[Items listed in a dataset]
---*---
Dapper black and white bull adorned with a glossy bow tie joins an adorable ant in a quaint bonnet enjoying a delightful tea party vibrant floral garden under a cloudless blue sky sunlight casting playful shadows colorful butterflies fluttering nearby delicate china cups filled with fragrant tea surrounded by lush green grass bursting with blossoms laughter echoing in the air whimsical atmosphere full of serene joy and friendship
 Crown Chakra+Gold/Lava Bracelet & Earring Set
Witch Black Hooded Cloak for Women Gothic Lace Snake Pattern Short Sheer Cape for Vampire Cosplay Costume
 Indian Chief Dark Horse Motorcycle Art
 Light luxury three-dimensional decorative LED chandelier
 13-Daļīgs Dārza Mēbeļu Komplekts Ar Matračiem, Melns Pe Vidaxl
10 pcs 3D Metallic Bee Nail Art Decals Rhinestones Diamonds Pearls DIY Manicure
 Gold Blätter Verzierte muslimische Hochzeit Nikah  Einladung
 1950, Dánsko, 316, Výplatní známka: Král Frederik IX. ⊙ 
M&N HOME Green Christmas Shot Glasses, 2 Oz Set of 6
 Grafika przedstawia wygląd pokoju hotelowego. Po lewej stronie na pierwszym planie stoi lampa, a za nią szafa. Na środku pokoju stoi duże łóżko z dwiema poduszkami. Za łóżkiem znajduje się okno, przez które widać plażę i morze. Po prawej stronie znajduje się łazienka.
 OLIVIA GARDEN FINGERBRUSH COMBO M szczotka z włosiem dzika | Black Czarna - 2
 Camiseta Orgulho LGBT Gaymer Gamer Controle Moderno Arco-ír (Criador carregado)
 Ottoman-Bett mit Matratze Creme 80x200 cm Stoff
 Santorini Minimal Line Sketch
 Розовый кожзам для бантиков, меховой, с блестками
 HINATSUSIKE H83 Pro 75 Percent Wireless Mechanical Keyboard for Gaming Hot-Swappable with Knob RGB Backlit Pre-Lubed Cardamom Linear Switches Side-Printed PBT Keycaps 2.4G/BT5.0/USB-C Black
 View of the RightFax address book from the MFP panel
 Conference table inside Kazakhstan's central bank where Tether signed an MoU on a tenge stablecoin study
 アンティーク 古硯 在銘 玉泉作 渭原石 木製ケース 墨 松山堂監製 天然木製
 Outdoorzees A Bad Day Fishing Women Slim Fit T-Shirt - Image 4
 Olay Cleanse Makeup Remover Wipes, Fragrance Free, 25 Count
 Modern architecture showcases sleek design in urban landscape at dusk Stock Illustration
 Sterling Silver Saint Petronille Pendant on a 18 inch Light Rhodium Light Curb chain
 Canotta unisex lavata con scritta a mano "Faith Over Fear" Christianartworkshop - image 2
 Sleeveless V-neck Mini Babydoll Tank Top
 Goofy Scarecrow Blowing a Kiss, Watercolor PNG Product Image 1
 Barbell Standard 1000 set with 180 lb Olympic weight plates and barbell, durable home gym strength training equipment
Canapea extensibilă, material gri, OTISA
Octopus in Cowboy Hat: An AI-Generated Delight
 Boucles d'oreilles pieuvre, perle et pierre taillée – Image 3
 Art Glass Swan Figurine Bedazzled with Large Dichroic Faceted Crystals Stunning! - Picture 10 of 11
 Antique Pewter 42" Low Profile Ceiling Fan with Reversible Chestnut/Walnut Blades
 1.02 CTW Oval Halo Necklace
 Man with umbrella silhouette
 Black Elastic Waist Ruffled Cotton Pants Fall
---*---
== PROBLEM TO SOLVE ==
Reproduce exactly the entries above, limited to the lines from the one with "Outdoorzees A Bad" through the one with "Sterling Silver Saint", both included.

== REPLY ==
 Outdoorzees A Bad Day Fishing Women Slim Fit T-Shirt - Image 4
 Olay Cleanse Makeup Remover Wipes, Fragrance Free, 25 Count
 Modern architecture showcases sleek design in urban landscape at dusk Stock Illustration
 Sterling Silver Saint Petronille Pendant on a 18 inch Light Rhodium Light Curb chain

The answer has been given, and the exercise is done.